Approach 1: Monthly Aggregation + Window Function (O(n) time, O(n) space)
Start by joining rides with accepted ride information and filtering rows where requested_at falls in 2020. Aggregate rides by month using MONTH(requested_at), computing total distance and duration per month. Since the result must include months with zero rides, generate a fixed month list (1–12) and left join the aggregated data.
Once monthly totals are available, compute the rolling averages using a SQL window function. Use AVG(... ) OVER (ORDER BY month ROWS BETWEEN 2 PRECEDING AND CURRENT ROW) so each row considers the current month and the previous two months.

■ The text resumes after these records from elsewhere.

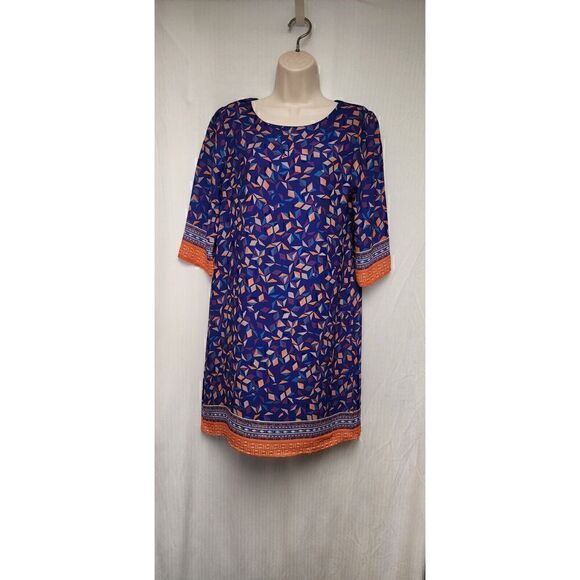 Everly Womens Blue/Orange Diamond Pattern Shift Dress Size Medium - Picture 2 of 9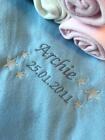 Personalised Embroidered Baby Fleece Pram Blanket ,Wrap with your name stars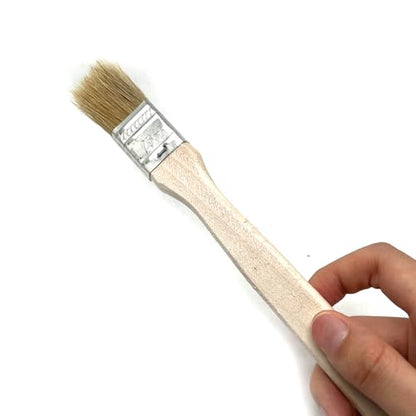 2 Pcs Straight Head Paint Brush Pig Hair with Long Wooden Handle,Wood Handle Metal Hoop Straight Head Paint Brush Beige White(Brush Head Width 25mm/1.0in)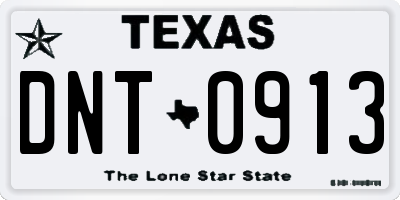 TX license plate DNT0913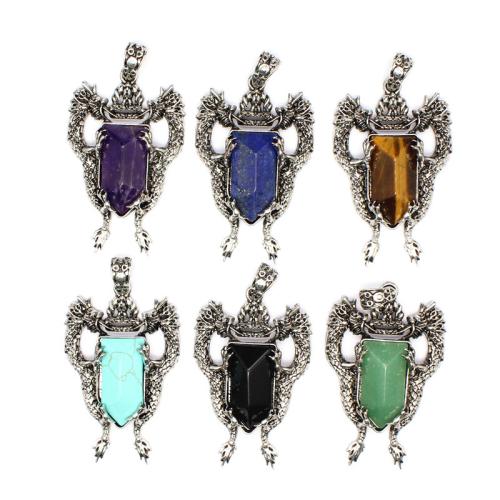 Gemstone Pendants Jewelry, Natural Stone, with Brass & Tibetan Style, DIY & different materials for choice, more colors for choice, 25x16x4mm, Sold By PC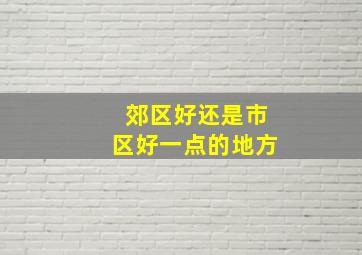 郊区好还是市区好一点的地方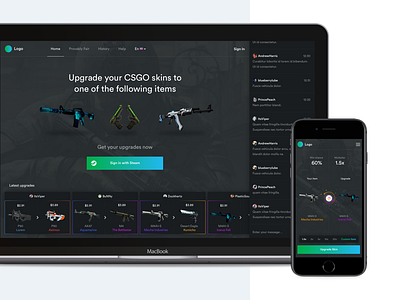 CS:GO skin exchange web app counter strike cs:go dashboard desktop exchange interface design responsive skins ui ux web web app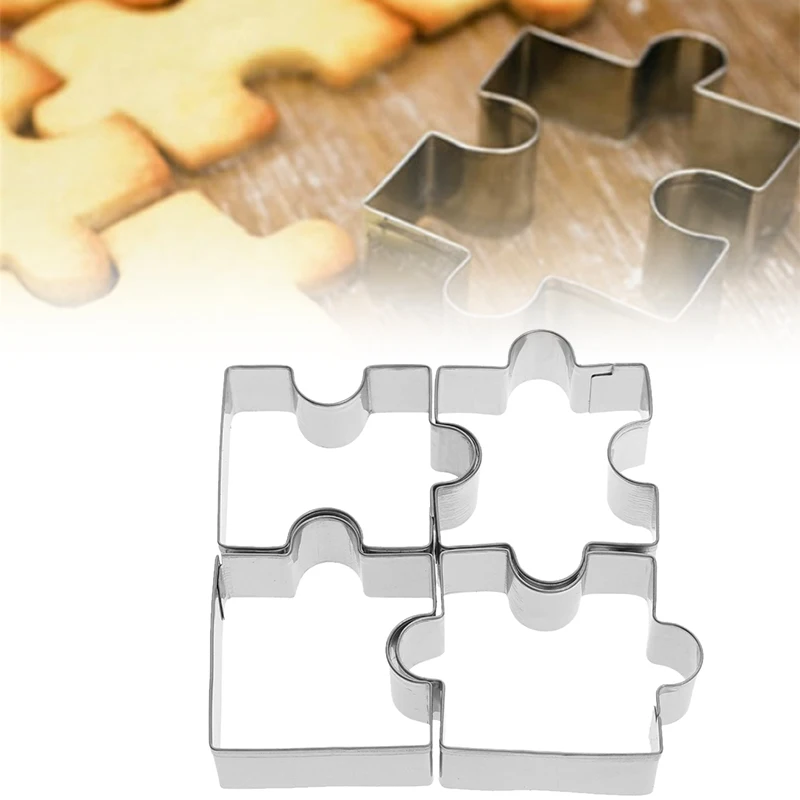 4pcs DIY Puzzle Cookie Cutter Biscuit Dessert Mold Stainless Steel Pastry Fondant Cake Sugarcraft Decorating Frame Cutter Mould
4pcs DIY Puzzle Cookie Cutter Biscuit Dessert Mold Stainless Steel Pastry Fondant Cake Sugarcraft Decorating Frame Cutter Mould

This produces the required 3‑month moving average directly in SQL. Window functions make this clean and efficient because they avoid repeated scans or correlated subqueries. Time complexity is O(n) for scanning and aggregating rides, with O(n) intermediate storage for monthly results.
This pattern appears frequently in analytics queries where you need moving averages or running totals. Window functions are part of advanced SQL and are heavily used in database reporting workloads. Understanding the window functions syntax makes problems like this straightforward.
Approach 2: Self Join for Rolling Window (O(n^2) time, O(n) space)
Another way to compute the 3‑month average is by first generating monthly aggregates and then joining each month with its previous two months. For every month m, join rows where month BETWEEN m-2 AND m and compute the average distance and duration across those rows. This works even without window function support.
The drawback is performance and complexity. Each month potentially scans multiple rows, producing roughly O(n^2) work in the worst case. The SQL also becomes harder to read compared with the concise window frame syntax.
Recommended for interviews: The window function approach is the expected solution. It shows you understand SQL analytics features and can compute rolling metrics efficiently. The self‑join version demonstrates the concept but lacks the elegance and performance of the window function solution.
| Approach | Time | Space | When to Use |
|---|---|---|---|
| Monthly Aggregation + Window Function | O(n) | O(n) | Best approach when the database supports SQL window functions. Clean and efficient for rolling averages. |
| Self Join Rolling Window | O(n^2) | O(n) | Useful in older SQL engines without window functions, but less efficient and harder to maintain. |